Perchè abbiamo bisogno dei “traditori” come Manning
Arturo Di Corinto
per Articolo 21 del 22 agosto 2013
Trentacinque anni sono tanti. In trentacinque anni succede di tutto. In trentacinque anni si può metter su famiglia, vedere i figli crescere, cambiare sesso, lavoro e residenza, invecchiare e morire in santa pace. Bradley Manning non potrà farlo. È stato condannato da una corte marziale a passare trentacinque anni in prigione per aver diffuso notizie riservate sulla guerra, anzi su due, quella irachena e quella afgana, e su di un terza, la guerra diplomatica che gli USA da duecento anni fanno a tutti, pure agli alleati. Bradley Manning è la talpa di Wikileaks, l’organizzazione di volontari creata da Julian Assange che grazie a Manning ha potuto svelare orrori e assassinii dei militari USA in quella guerra al terrore di cui non sono mai state trovate le smoking guns e per la quale non hanno mai saputo individuare una efficace exit strategy.

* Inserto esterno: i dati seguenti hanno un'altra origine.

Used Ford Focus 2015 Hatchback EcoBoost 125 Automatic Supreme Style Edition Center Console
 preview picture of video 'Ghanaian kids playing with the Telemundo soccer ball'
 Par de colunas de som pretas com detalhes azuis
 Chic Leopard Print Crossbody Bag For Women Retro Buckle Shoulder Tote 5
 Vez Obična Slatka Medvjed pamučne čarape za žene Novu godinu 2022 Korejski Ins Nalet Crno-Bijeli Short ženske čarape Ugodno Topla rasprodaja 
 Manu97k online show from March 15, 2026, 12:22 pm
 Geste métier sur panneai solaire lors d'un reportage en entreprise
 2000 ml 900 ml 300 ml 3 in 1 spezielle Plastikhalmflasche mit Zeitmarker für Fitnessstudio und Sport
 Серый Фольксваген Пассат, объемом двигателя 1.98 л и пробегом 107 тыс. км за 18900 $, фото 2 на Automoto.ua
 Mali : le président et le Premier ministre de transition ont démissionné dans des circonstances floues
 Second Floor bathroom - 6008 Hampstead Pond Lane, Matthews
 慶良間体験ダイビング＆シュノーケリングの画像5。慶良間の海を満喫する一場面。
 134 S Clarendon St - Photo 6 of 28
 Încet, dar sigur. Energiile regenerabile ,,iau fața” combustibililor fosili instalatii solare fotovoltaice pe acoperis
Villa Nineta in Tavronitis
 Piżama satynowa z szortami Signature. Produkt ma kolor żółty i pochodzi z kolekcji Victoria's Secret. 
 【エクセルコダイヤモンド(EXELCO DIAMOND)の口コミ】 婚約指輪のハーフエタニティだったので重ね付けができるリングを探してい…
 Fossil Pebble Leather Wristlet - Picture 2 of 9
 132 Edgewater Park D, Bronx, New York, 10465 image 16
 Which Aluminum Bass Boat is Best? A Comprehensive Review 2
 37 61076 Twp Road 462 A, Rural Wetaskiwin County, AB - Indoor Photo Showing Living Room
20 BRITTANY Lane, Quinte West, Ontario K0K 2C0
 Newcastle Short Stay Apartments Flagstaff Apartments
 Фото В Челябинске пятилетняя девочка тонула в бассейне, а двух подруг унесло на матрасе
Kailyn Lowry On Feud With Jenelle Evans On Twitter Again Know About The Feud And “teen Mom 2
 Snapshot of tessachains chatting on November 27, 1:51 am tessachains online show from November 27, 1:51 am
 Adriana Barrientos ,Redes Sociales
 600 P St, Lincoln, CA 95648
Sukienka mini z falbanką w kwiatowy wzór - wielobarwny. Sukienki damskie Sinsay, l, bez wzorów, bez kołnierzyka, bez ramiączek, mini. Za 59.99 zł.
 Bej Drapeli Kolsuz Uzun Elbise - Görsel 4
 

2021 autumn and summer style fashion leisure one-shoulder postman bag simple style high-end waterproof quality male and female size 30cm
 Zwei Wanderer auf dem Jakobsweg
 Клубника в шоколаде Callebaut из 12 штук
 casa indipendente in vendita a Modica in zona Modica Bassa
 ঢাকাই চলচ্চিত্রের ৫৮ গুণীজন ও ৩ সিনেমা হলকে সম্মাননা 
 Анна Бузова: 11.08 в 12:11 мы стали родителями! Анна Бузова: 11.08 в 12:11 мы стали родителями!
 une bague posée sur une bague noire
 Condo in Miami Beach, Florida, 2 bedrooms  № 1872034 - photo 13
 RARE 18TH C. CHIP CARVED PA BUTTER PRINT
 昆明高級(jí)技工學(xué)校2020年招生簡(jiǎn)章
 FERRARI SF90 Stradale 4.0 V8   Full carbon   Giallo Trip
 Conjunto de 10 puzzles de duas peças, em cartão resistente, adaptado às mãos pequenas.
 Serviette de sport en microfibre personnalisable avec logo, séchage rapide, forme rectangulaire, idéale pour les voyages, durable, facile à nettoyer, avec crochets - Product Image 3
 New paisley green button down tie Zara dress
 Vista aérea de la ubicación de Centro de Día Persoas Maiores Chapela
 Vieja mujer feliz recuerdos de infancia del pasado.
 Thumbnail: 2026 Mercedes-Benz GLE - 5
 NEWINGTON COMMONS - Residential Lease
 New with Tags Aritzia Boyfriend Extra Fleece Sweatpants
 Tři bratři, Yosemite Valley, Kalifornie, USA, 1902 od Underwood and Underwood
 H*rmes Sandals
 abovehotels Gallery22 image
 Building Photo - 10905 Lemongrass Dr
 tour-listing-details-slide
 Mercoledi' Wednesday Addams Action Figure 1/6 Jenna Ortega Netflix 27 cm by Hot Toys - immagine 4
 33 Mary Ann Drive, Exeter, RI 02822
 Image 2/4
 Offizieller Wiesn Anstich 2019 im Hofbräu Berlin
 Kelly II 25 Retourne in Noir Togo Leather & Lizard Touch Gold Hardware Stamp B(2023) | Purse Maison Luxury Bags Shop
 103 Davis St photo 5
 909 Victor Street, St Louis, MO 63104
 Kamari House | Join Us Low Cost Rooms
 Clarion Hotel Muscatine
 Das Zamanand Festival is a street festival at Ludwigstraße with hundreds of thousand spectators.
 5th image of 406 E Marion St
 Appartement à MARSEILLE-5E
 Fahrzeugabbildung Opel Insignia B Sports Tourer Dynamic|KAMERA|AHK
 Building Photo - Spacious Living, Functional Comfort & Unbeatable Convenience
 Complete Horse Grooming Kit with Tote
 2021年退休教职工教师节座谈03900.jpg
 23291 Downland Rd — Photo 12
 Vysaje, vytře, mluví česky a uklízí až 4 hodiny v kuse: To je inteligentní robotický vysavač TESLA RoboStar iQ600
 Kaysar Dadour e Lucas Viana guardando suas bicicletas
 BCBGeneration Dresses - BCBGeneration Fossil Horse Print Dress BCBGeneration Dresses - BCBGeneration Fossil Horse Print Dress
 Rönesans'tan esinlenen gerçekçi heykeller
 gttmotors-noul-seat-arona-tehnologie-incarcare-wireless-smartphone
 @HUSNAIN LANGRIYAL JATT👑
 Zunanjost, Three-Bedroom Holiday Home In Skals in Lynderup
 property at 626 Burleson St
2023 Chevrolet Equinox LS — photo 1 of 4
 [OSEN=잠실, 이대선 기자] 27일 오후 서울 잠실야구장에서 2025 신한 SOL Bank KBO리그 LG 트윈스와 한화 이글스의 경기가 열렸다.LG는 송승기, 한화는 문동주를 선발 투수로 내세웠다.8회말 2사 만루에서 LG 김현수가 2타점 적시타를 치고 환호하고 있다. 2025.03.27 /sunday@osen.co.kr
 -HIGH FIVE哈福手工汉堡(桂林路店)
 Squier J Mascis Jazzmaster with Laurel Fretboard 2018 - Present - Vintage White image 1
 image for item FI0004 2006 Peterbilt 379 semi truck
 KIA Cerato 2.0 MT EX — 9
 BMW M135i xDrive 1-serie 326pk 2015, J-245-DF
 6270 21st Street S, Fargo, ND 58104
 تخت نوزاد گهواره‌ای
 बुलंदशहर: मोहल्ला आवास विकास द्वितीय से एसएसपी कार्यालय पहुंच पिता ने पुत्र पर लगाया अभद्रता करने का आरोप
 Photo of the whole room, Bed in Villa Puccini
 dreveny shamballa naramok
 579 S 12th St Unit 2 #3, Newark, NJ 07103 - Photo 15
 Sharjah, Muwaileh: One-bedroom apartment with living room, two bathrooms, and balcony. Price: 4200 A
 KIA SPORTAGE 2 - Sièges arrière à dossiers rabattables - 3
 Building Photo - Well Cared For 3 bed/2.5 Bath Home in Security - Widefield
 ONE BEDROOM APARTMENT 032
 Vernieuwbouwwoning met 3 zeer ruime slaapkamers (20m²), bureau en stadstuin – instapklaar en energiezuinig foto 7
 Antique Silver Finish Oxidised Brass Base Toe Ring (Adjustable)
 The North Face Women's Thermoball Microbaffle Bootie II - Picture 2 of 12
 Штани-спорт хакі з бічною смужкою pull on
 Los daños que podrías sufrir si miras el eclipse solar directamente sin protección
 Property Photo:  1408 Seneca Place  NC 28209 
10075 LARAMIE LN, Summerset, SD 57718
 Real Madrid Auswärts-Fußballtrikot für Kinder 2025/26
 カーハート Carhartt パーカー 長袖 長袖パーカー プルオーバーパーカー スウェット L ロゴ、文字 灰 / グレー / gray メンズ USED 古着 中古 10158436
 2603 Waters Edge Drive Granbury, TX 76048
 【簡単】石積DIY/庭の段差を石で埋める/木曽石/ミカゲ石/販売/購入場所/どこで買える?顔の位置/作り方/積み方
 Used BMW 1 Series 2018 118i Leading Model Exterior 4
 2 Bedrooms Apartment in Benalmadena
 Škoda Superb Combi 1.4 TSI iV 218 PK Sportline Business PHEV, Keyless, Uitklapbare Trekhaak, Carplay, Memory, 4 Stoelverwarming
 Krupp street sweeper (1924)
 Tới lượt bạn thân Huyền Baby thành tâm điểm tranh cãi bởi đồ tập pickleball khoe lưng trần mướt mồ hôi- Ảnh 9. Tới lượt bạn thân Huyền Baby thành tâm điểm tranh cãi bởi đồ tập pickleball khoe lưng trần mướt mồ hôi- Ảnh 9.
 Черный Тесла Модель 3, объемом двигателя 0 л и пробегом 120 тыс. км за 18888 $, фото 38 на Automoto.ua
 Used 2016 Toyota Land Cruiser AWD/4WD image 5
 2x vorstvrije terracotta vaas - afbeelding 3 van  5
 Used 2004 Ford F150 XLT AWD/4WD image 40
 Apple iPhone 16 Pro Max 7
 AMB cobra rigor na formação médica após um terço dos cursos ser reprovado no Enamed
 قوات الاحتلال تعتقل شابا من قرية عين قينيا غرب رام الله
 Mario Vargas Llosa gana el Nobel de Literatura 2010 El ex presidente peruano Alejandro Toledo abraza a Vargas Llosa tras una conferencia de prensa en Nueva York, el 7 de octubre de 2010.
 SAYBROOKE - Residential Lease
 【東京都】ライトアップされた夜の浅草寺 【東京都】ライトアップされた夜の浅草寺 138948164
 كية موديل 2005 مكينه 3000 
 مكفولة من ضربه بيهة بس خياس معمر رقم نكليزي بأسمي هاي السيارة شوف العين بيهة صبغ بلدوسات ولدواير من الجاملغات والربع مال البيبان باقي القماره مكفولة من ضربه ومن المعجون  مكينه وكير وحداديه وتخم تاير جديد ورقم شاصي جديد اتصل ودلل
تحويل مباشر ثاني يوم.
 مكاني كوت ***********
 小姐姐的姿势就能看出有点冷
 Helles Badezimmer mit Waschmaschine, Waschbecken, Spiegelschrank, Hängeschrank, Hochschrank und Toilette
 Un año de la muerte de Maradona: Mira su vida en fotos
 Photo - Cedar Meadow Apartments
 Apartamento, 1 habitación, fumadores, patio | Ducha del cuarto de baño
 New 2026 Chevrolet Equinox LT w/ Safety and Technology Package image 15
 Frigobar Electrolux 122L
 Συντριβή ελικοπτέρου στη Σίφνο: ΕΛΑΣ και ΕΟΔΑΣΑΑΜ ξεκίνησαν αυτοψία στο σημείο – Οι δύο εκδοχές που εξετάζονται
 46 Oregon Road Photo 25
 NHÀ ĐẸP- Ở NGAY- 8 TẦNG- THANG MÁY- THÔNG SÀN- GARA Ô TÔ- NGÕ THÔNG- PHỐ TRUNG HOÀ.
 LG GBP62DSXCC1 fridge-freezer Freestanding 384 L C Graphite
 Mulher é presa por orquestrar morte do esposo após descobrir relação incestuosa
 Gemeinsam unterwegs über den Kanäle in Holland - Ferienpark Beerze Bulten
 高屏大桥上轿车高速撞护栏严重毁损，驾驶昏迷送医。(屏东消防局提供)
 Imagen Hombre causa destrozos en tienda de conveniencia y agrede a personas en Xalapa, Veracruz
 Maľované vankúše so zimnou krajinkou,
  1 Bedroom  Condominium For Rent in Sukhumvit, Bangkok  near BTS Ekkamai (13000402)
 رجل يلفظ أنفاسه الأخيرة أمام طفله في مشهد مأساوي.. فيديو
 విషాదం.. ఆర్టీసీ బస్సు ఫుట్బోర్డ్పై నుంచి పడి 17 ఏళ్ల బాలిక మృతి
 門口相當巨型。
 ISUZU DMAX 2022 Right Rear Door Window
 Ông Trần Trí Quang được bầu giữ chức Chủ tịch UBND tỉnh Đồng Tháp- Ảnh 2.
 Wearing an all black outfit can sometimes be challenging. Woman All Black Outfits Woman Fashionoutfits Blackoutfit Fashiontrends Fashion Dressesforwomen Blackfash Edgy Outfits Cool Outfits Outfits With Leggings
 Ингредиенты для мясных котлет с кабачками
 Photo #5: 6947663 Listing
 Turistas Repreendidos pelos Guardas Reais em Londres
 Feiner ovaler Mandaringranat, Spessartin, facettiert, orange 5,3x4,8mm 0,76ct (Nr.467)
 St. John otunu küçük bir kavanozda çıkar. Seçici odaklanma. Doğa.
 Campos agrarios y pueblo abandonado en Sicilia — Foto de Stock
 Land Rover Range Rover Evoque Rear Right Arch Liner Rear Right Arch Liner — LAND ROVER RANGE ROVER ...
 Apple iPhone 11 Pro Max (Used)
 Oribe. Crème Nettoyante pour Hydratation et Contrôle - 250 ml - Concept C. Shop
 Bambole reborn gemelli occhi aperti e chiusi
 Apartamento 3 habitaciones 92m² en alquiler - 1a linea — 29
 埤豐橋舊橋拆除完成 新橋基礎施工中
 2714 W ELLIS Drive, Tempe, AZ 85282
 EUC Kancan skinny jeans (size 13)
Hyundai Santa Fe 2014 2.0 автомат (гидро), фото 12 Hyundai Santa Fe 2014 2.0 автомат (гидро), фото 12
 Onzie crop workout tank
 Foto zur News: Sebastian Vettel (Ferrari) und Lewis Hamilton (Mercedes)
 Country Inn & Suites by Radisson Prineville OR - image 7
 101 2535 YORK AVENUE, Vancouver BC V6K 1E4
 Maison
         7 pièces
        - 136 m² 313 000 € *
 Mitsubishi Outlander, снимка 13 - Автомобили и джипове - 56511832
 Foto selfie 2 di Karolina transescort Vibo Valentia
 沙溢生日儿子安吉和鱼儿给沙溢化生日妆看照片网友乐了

L’opinione pubblica mondiale è divisa sulla sentenza. Gli alfieri della trasparenza, dell’open government e della libertà d’informazione considerano Manning un eroe, altri lo considerano una spia e un traditore “connivente col nemico”, per aver messo in pericolo il proprio paese e la vita dei suoi concittadini, in patria e all’estero. Eppure il giudice militare Denise Linde non lo ha condannato alla pena capitale e neppure all’ergastolo proprio perchè è stato impossibile quantificare “l’entità del danno” che avrebbe arrecato, e per aver dimostrato, attraverso il suo avvocato, David Coombs, di non avere aiutato il nemico più odioso, Al Qaeda. Linde non ha accolto la richiesta del procuratore a 60 anni di carcere e adesso c’è chi si spera che con il riconteggio della pena, la buona condotta e i permessi speciali, il soldato semplice Manning possa uscire di prigione tra dieci anni e riprendersi la sua vita.
Si può pensare tuttavia che la decisione del giudice sia stata influenzata anche da altri fattori: l’insofferenza globale dei cittadini verso le menzogne dei propri governi, il fastidio verso una società della sorveglianza generalizzata cui anche Facebook, Google e le autorità di garanzia contribuiscono, e l’inutilità del controllo diffuso a impedire stragi e attentati: alle Torri gemelle, alla maratona di Boston, alla metropolitana di Londra come al consolato Usa di Bengasi.
Last but not least, la corte potrebbe aver considerato la crescente simpatia verso gli eroi della trasparenza che a più riprese hanno denunciato il grande fratello globale e le asimmetrie del potere digitale: come Assange, come Swartz, come Snowden, come Anonymous. Se fosse così, sarebbe l’ennesima dimostrazione che il paese di Benjamin Franklin, l’uomo che disse “Chi è pronto a dar via le proprie libertà fondamentali per comprarsi briciole di temporanea sicurezza, non merita né la libertà né la sicurezza.” – con tutte le sue contraddizioni, è ancora una grande democrazia.
Eppure sulla scena resta una democrazia ferita, la democrazia dell’informazione. La distruzione dai computer del Guardian dei file relativi al datagate denunciato da Snowden e il fatto che il compagno di Glenn Greenwald, autore dello scoop sul sistema Prism, sia stato fermato e torchiato all’aeroporto di Heatrow – dove gli hanno confiscato pc, telefoni e memorie digitali -, proietta una luce sinistra sul futuro dell’informazione e sulla capacità del giornalismo di prendere una posizione netta e definitiva sulla tutela del diritto/dovere all’informazione. Un diritto che tutti siamo chiamati a difendere.